This car appraisal is a job that can jump up and bite you in the butt if you’re not extra careful. I recently tested the Mercedes EQS large electric sedan. I have praised him for his driving to heaven. I said I don’t think there’s much out there like it.
And in many ways it doesn’t, because it has some wonderful claims to fame (like the dash-length hyperscreen, for example).
While I had reservations about a few things, including rear visibility, I would have said it would have gotten a nine out of ten if it had been rated for innovation, comfort and technology.
But there is a car that handles and drives better than this. And the weird/ironic part is that it’s also a Mercedes. The EQS is the brand’s largest Merc built from the ground up; Next up is the EQE. So I might as well state that the EQE luxury sedan I just tested is a nicer car to drive than the larger, wholesome, impressive EQS.
And it costs thousands less. There’s just that “something” about the smaller sedan that gives it a boost thanks to its handling and ride.

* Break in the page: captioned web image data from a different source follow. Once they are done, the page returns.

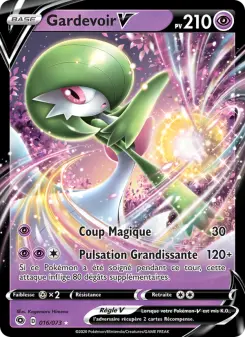 Carte Pokémon Gardevoir V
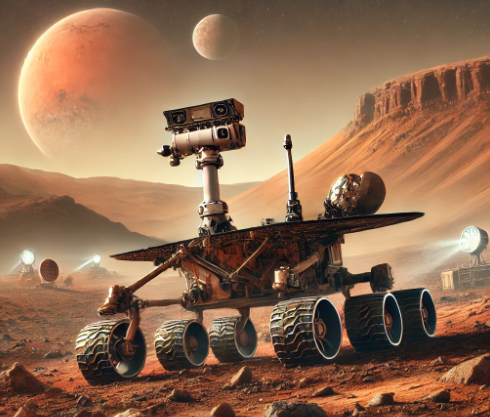 로버(탐사 로봇)는 어떻게 화성을 탐사할까?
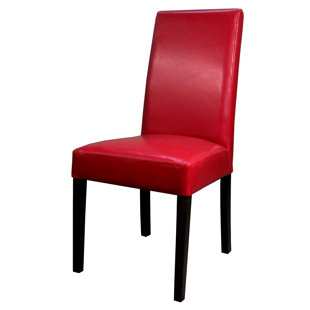 Genuine Leather Kitchen Dining Chairs You Ll Love Wayfair Save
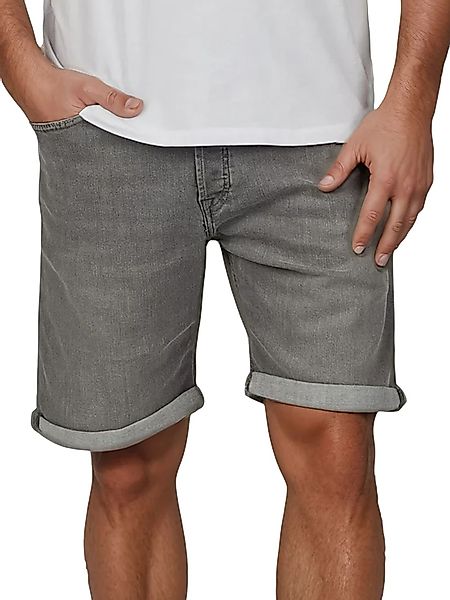 Jack & Jones Jeans Shorts Herren Stretch Kurz Regular Fit JJIRICK günstig online kaufen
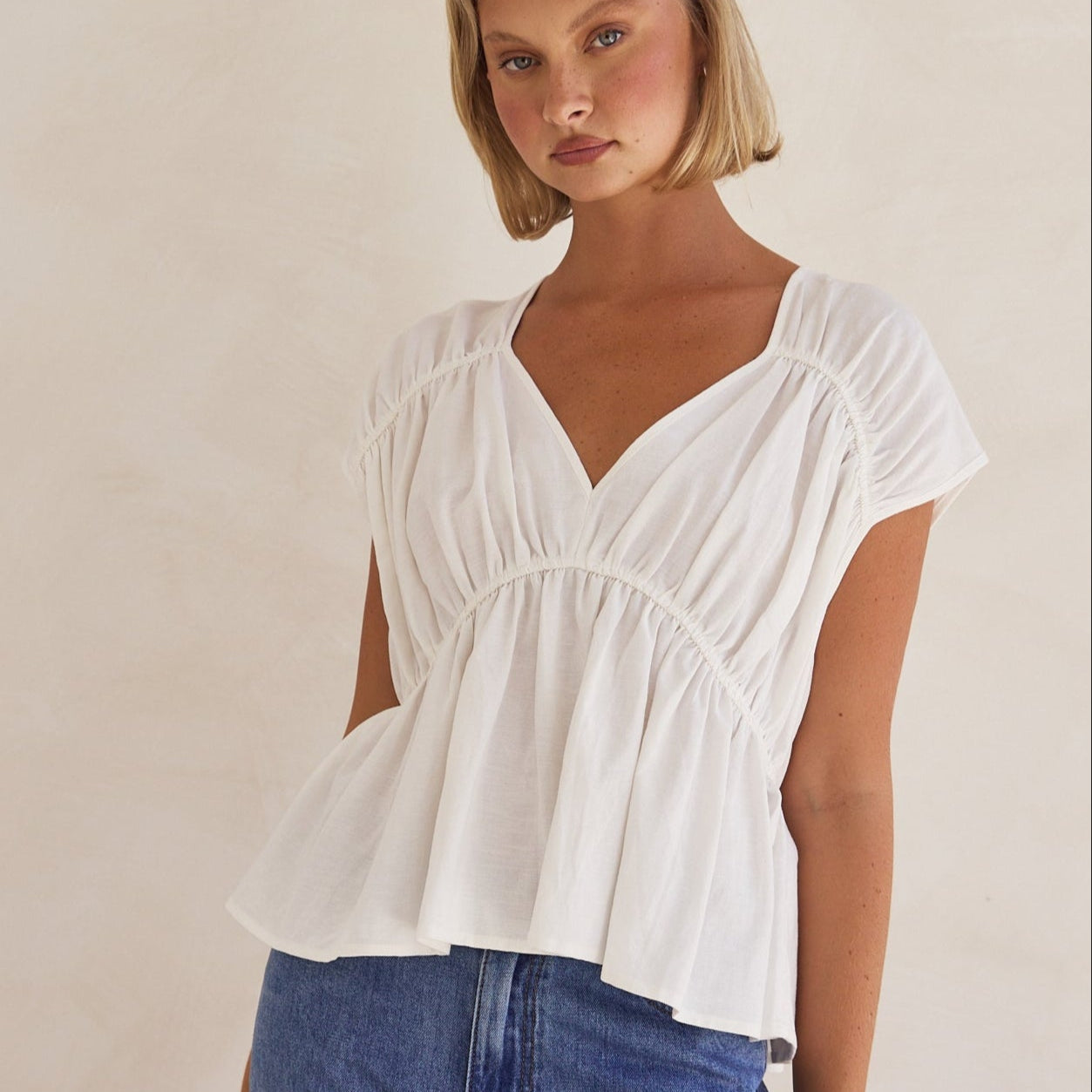 Aylenna | Biały Top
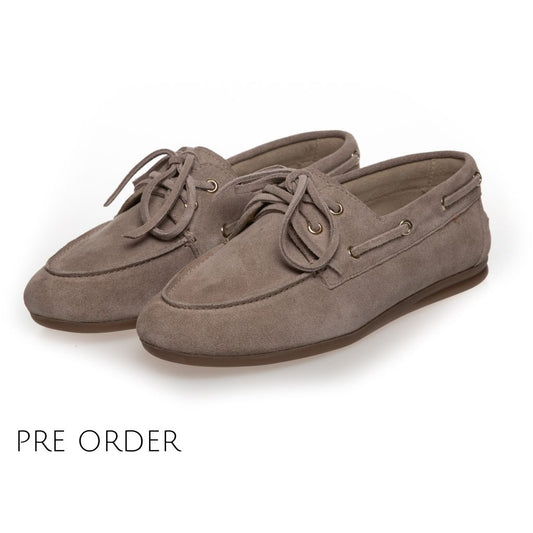 COPENHAGEN SHOES SAVANNAH SUEDE (P) Shoe 901 Light beige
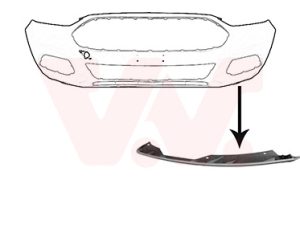 Spoiler VAN WEZEL 1883501 – FORD | AutoRival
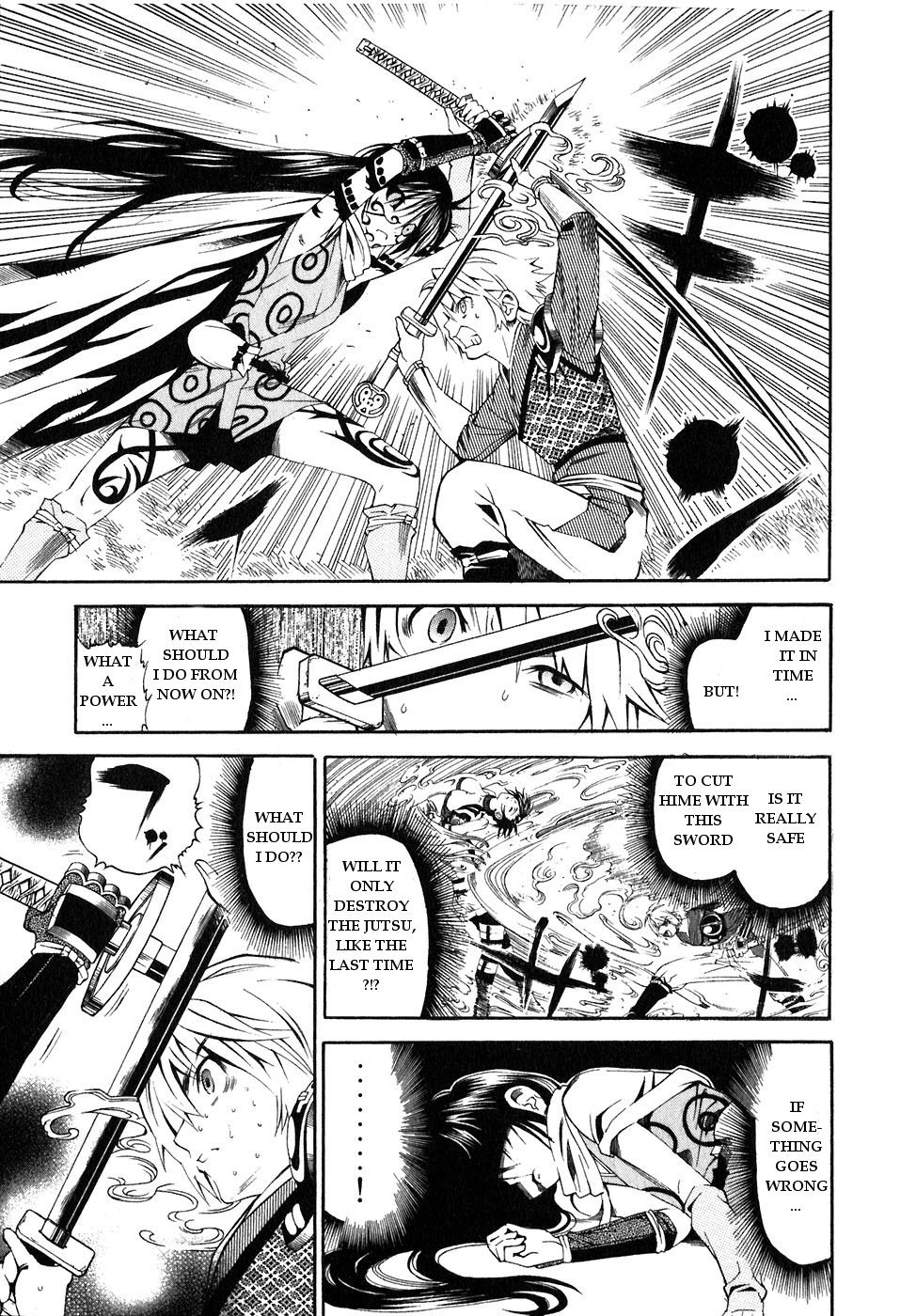 Rappi Rangai Chapter 17 page 23 - Chapter 17: The War Of Releasing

Remember that the EQS glided over surfaces with aplomb, so to be better you have to imagine how good the EQE is. It felt like a tighter, tighter machine overall.
That’s saying something, because the EQS deserves all sorts of praise for its aforementioned ability to zoom over unforgiving road terrain.
Yes, the EQE is better; It has an admirable ability to tame any bumps or dips that get in its way – to such an extent that I’ve never noticed a single wave finding its way into the cabin or sneaking into the steering wheel. Only a quiver with a sharp surface got through.
Why am I emphasizing this aspect of the car when there are dozens of other innovative little things I could go through and assess the impact of?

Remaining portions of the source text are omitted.